Thankfully I can think of some alternative habits that fit better with my goals and that I would probably enjoy just as much!
- When it comes to my alone-time outings, it’s easy enough to order something delicious that does not contain chocolate or sugar. I could get an unsweetened matcha latte at some cafes, for instance.
- Family outings for ice cream or bubble tea are more complicated, but I plan to reach out to some of the local establishments to see if they sell any confections containing only fair-trade chocolate and sugar. There is one place I know that uses fair-trade chocolate in at least some of their delicious ice creams but I don’t know about the sugar.
- I could also don my chef’s hat and whip up my own brownies or cookies (or even ice cream!) with honey or maple syrup instead of sugar, and fair-trade chocolate. I love to bake, so I would enjoy the process as well as the results. If our family wants to make it an outing we can walk to the park for a mini picnic!
Hurray! I’m feeling good about all this. It feels like this is something I can sustain quite happily.

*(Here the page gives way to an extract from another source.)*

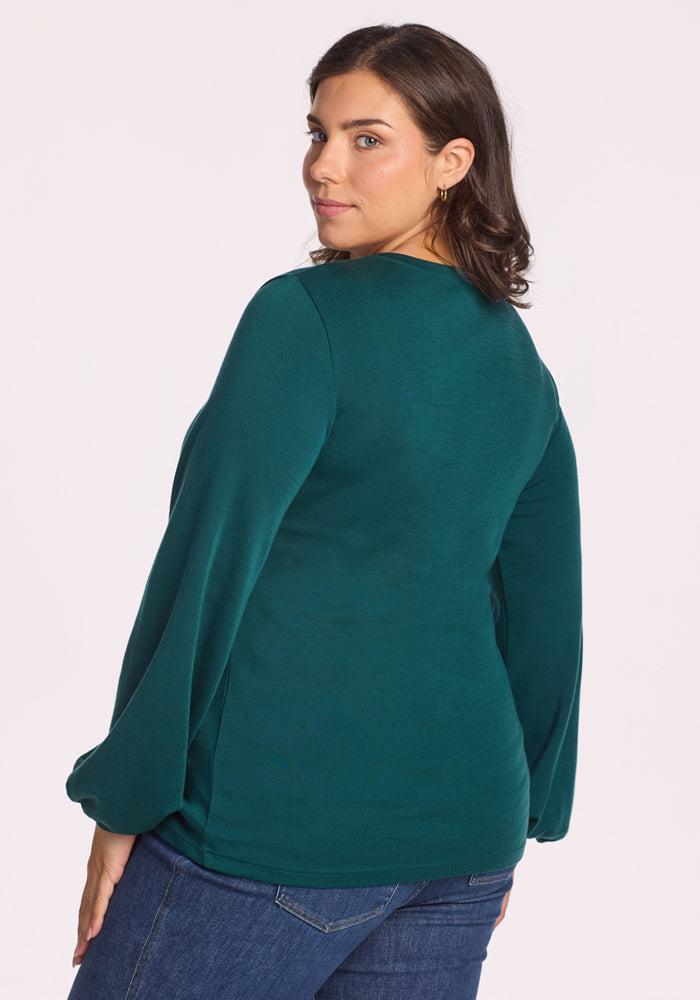 A woman with dark hair, dressed in the Woolx Charlotte Puff Sleeve Top in Riverbank Green and blue jeans, stands looking over her shoulder at the camera against a plain light background.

I don’t feel that I’m limiting my experiences of joy or happiness, but instead it feels like I’m giving myself good gifts: more freedom (not being tied to an addictive habit), greater enjoyment of the foods I eat, and better physical and mental health.
How is your journey coming along? Are you at the start of a new one? Or trying again to change a behaviour for the umpteenth time, like me? As always, I sincerely wish you all the best. I hope you are able to find what truly brings you joy, and be rid of the things in your life that are nothing more than empty promises.